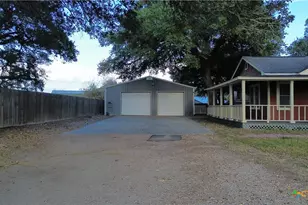 859 Refugio Hwy, Victoria, TX 77905 - Photo 20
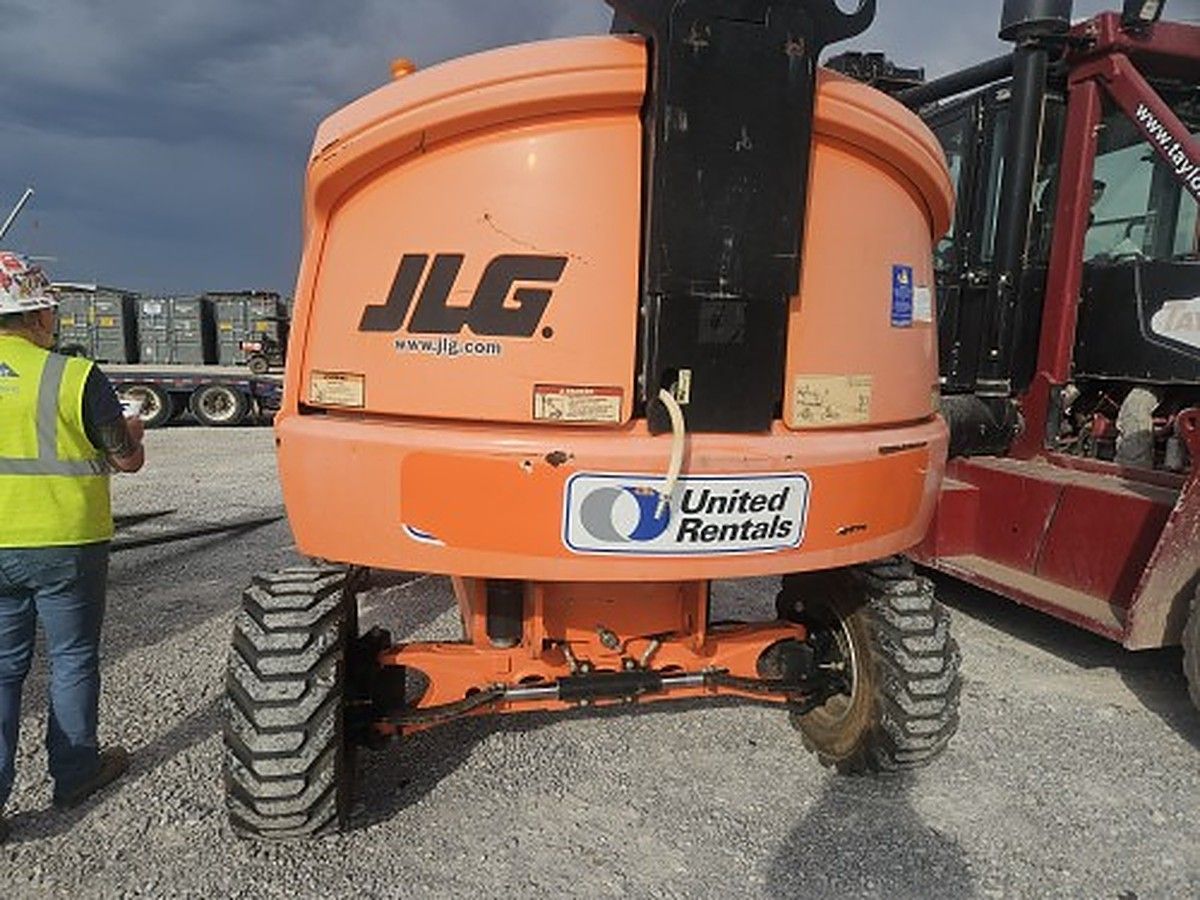 JLG 400S photo 5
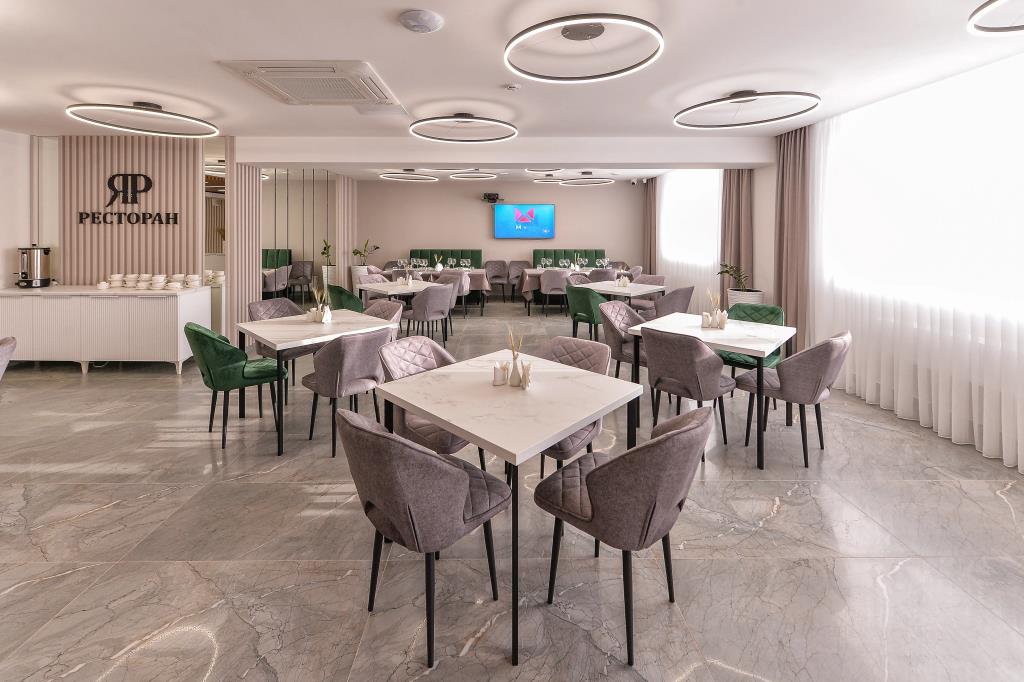 Hotel Biznes Hotel Yar 4*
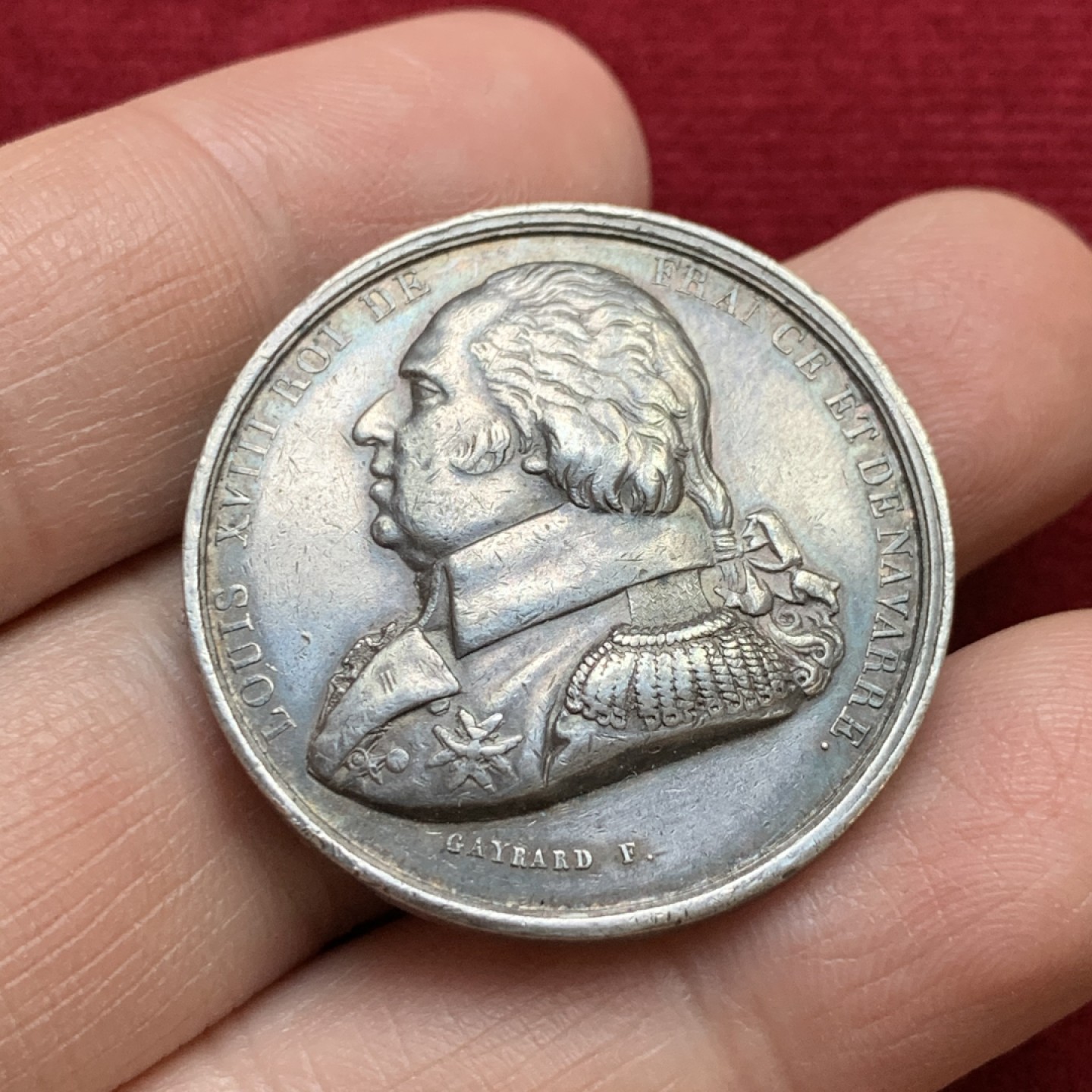 《竞宝斋》第143场-周日，周一 2场 (全场包邮) 法国 路易十八 戎装版 圆形 JETON 银质 这款戎装的非常少见 18.1g 32.6mm （边缘为留银）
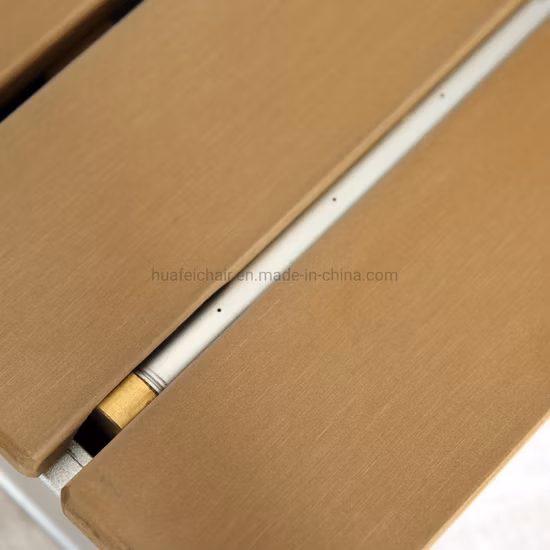 Chuveiro externo quadrado WPC com estrutura de alumínio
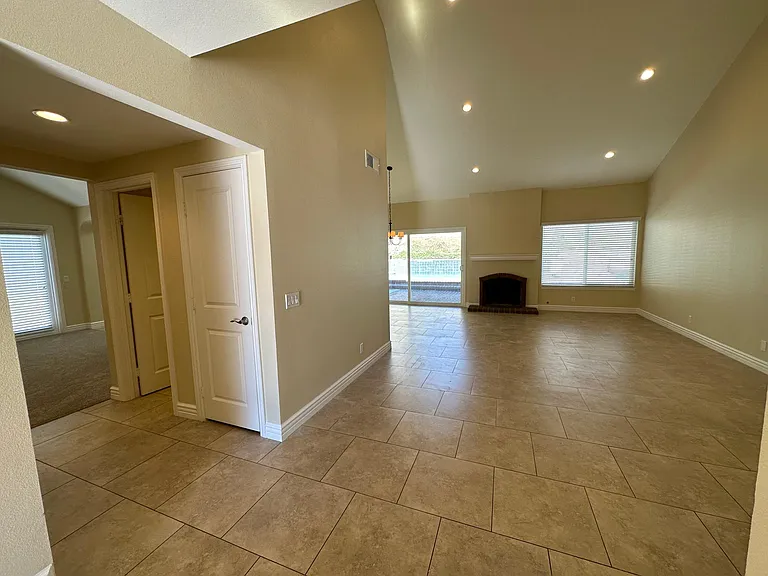 2933 Shamrock Ave — Photo 2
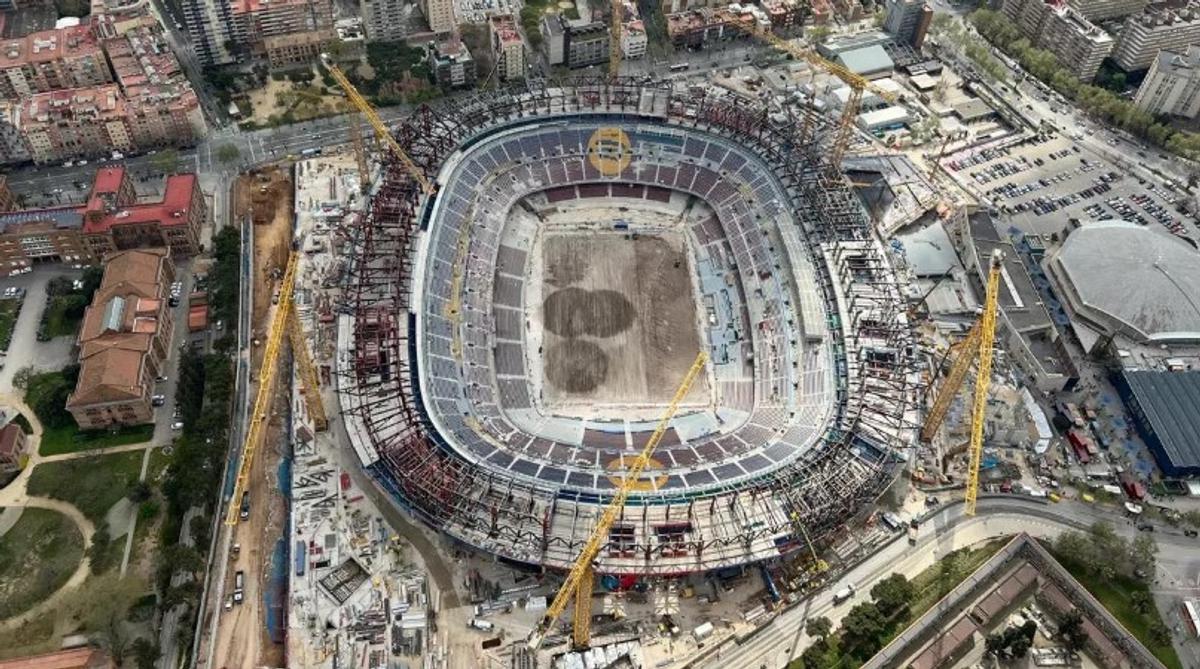 Lucrările de reconstrucție ale Spotify Camp Nou au ajuns în faza de montat gazonul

++++++++

◆ **Exercise requirements**
Transcribe, please, the lines from the one holding "2933 Shamrock Ave — Photo 2" to the final line of the material, both included, exactly and with no extra lines, and skip the pictures.

◆ **Output of the task**
 2933 Shamrock Ave — Photo 2
 Lucrările de reconstrucție ale Spotify Camp Nou au ajuns în faza de montat gazonul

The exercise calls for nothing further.